Puking blue powerade in mcdonalds parking lot to the applause of the guy taking out the trash with man in the mirror blasting in the background. Good morning stl
you were so drunk you tried to use the microwave as a calculator for your BAC
I'm seriously so bored I'm seeing how many rooms I can masturbate in before I get caught.
Four. Poor grandma...
the chick you hooked up with on my couch facebook friended me.
just thought you should know her name is kristen
I remember tearing his shower curtain down but I don't remember trying to shave my vag...
i just kept saying he was red & i was blue and we couldnt become purple. I started crying at one point
hey. so did i get tied up by a jumprope last night?
She wants me to spank her and yell "Kerry! Your father is disappointed with your choices!" Fuck up but crazy hot?
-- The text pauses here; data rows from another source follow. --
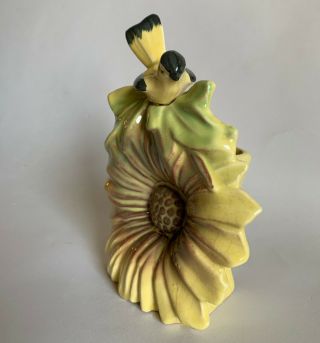 LATE 1940 ' S VINTAGE MCCOY YELLOW SUNFLOWER WITH BIRD WALL POCKET 3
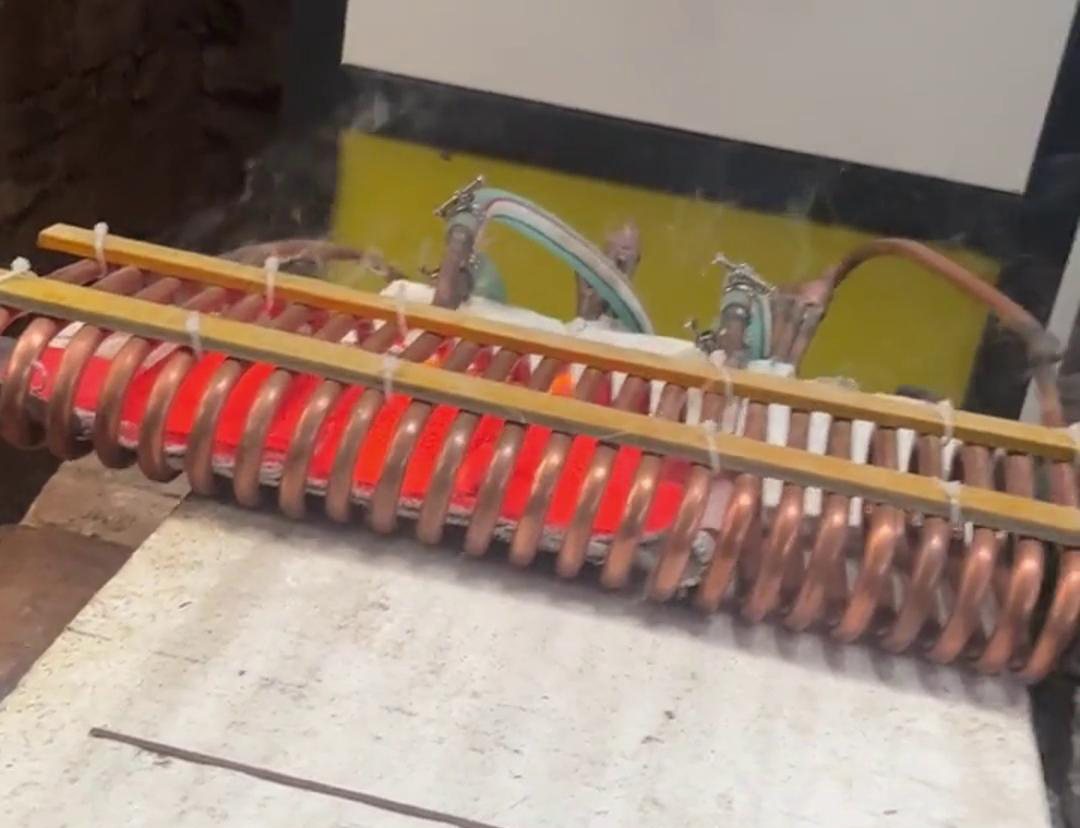 使用高频机进行钻杆焊缝退火可以提高工作效率，同时保证退火效果的均匀性和稳定性(图1)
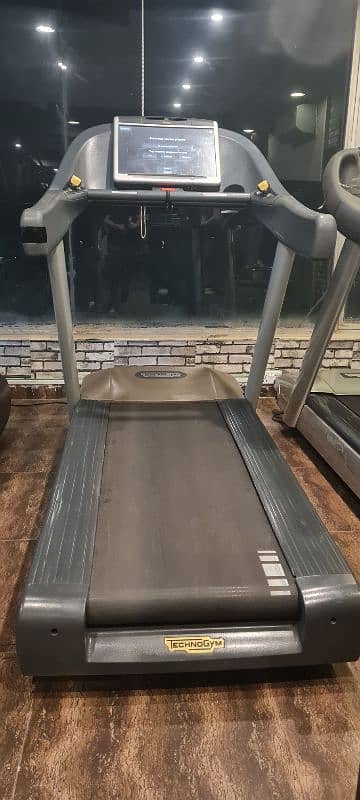 Techno treadmills heavy duty for sale 5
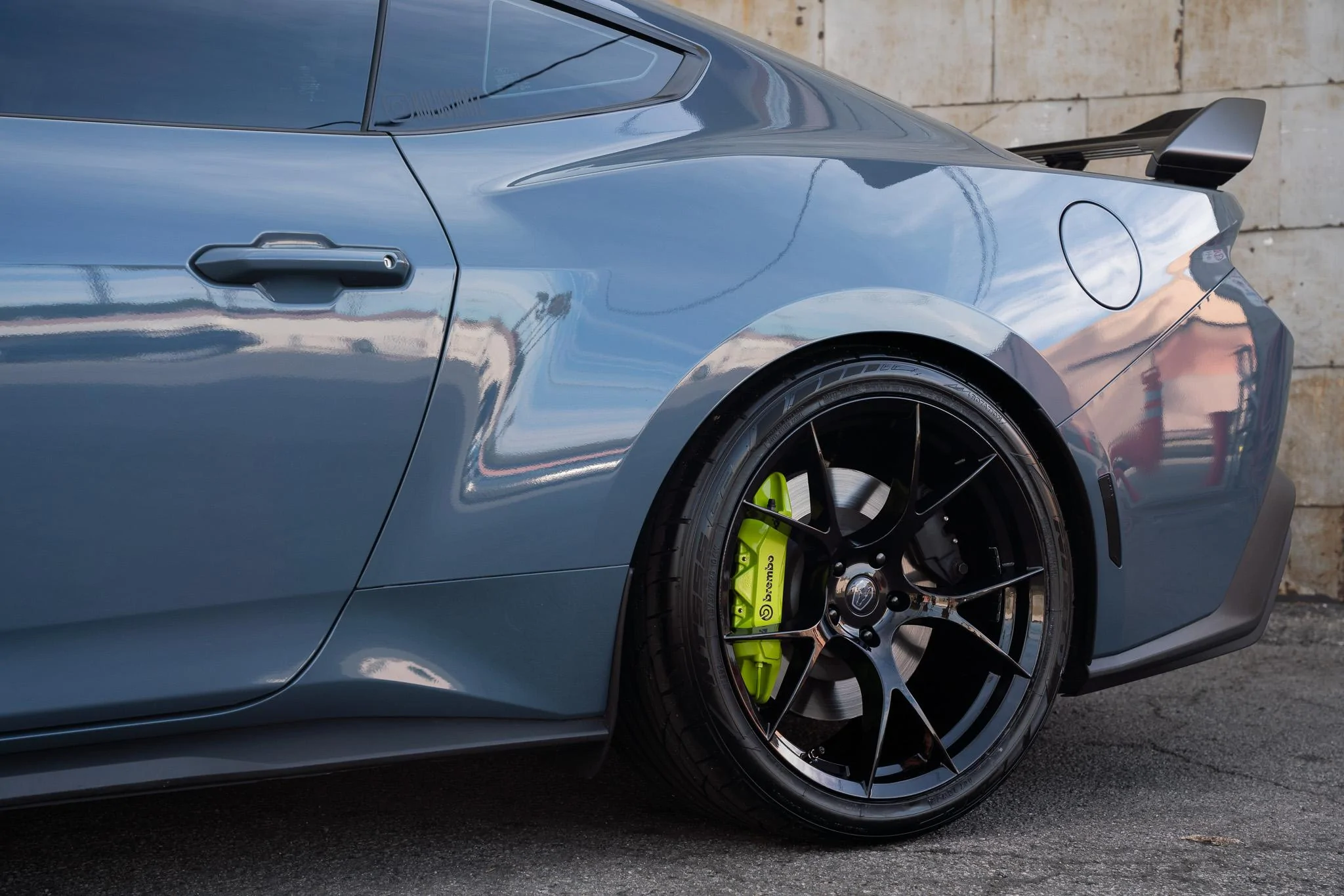 S650 Mustang Ford Mustang Dark Horse wheels vs Project 6GR wheels. Save over 35 lbs. of rotating mass!!! DSC06493
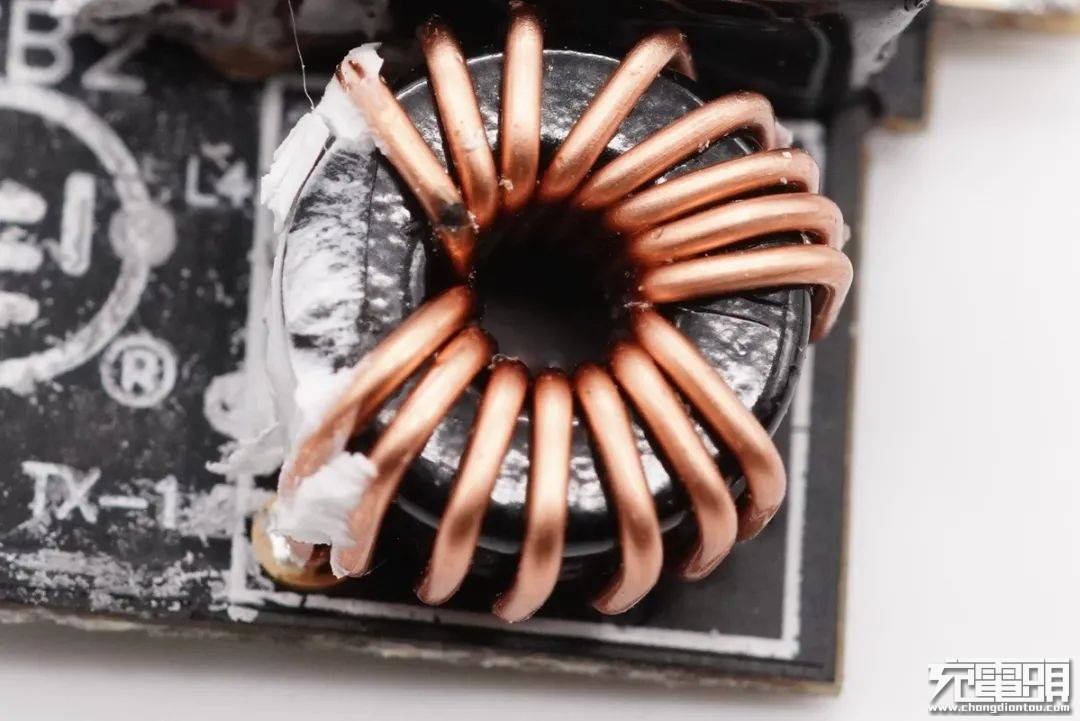 设计|拆解报告：UIBI柚比30W 1A1C氮化镓快充充电器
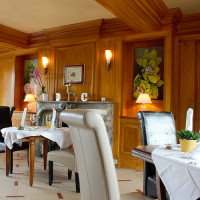 Domaine Du Châtelard food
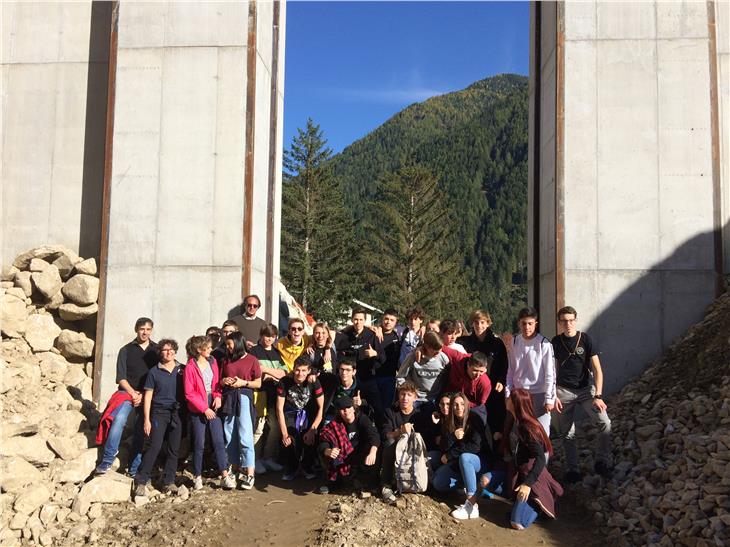 Schulklassen besuchten Bauwerke der Wildbachverbauung, unter anderem den Ablenkdamm am Rieper Bach in Antholz-Mittertal. (Foto: LPA/Scuola Educazione Ambiente SEA)
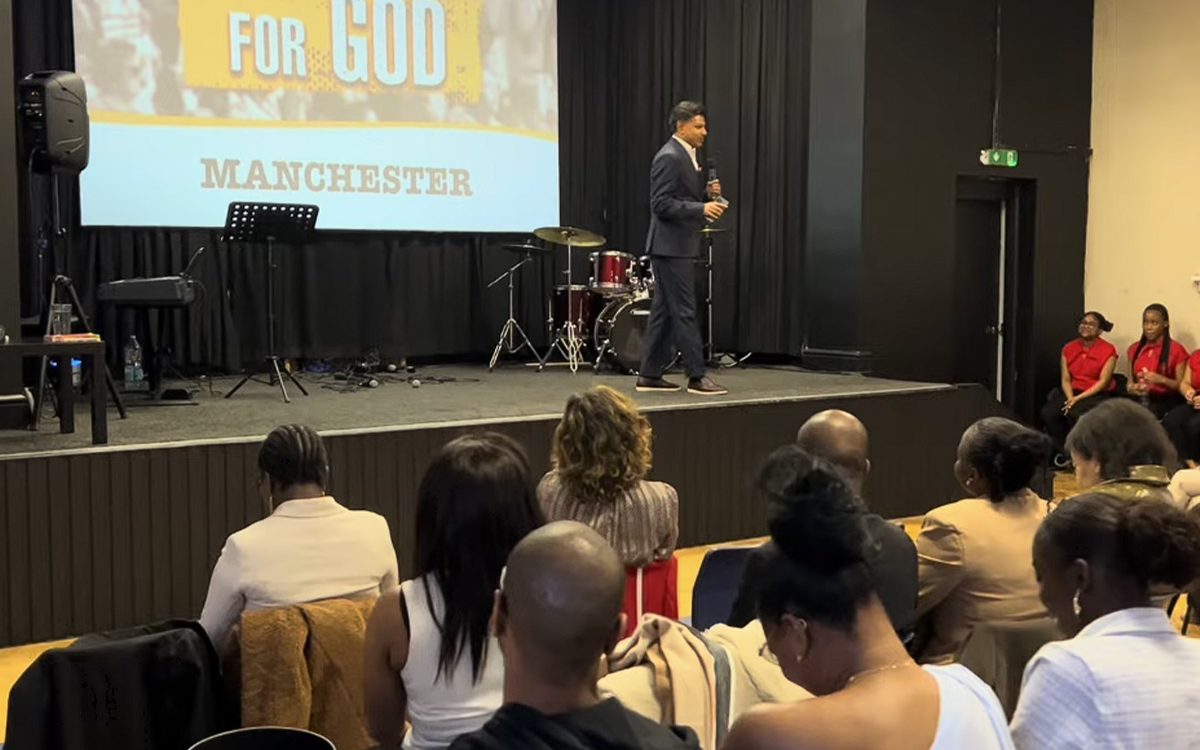 Campanha Para Deus Nada é Impossível – UK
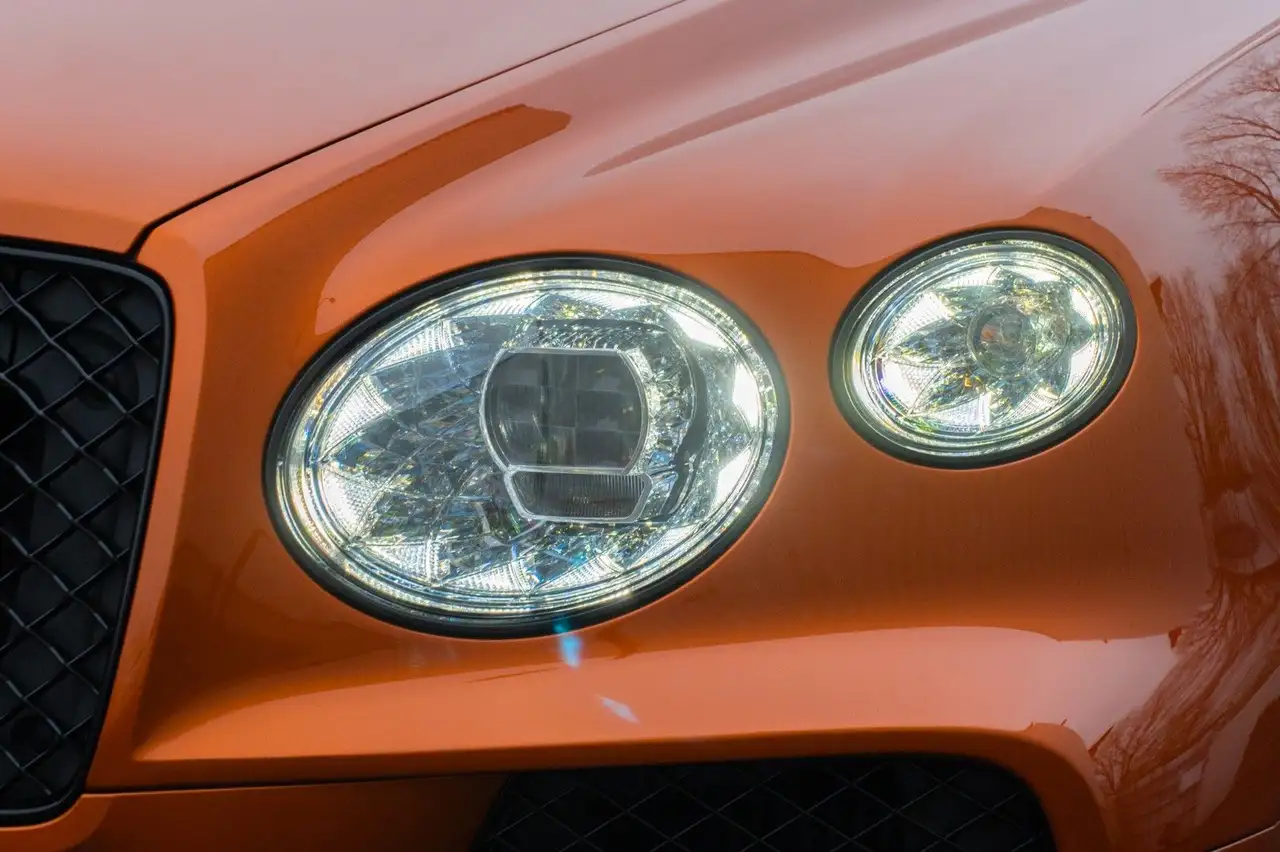 Bentley Bentayga S 4WD MASSAGE.MATRIX.ACC.AHK NEUZUSTAND — Vehicle gallery 9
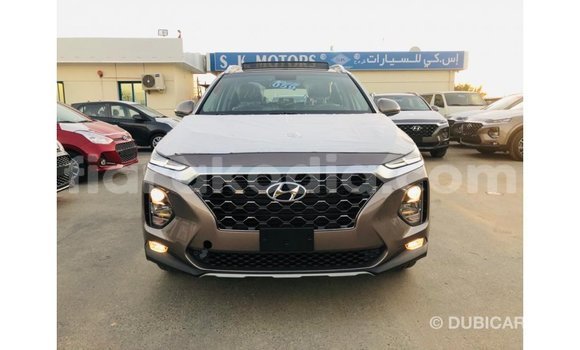 Acheter Import Voiture Hyundai Santa Fe Marron à Import - Dubai, Diana Acheter Import Voiture Hyundai Santa Fe Marron à Import - Dubai, Diana
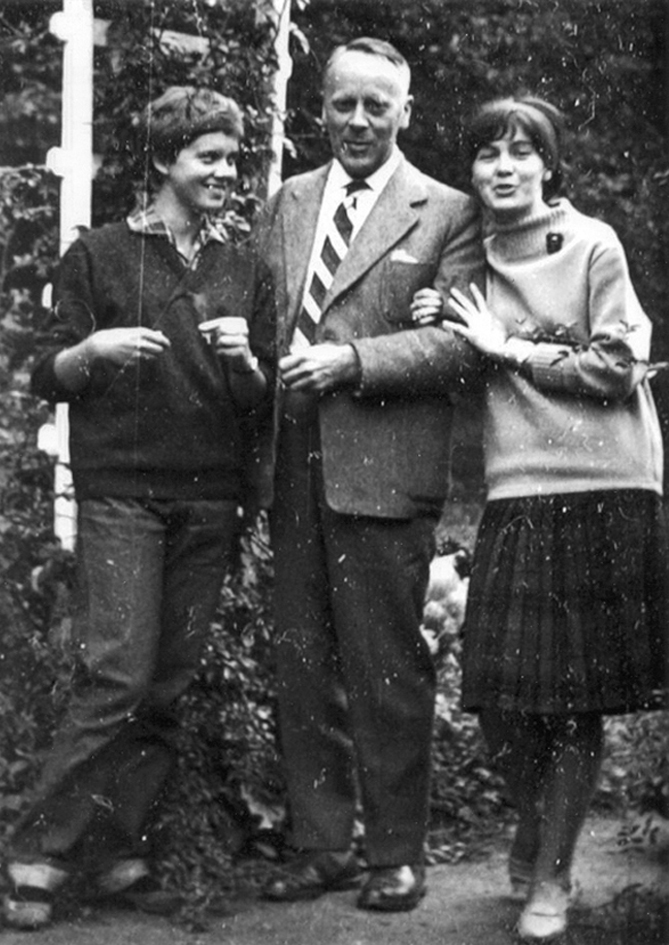 Tadeusz Manteuffel z córkami, Anną i Małgorzatą, 1965, IH PAN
Or just fuck up crazy?
It wasn't a basement apartment, it's his parents basement. And he wanted to show me his pet tarantula collection. I NOPED THE FUCK OUT!
Someone younger than me just got married. Send help and vodka
COKE WAS NOT ON THE ITINERARY FOR TONIGHT.
Well, I'm most mad that he lied to you (about being married)...but the CAT THING IS A CLOSE SECOND
I’m a lady. I promise I won’t oogle your junk when we go skinny dipping.
I just found a contact in my phone named "Nick from The Party". Who's nick?
You've had it in your mouth, how have you not seen it?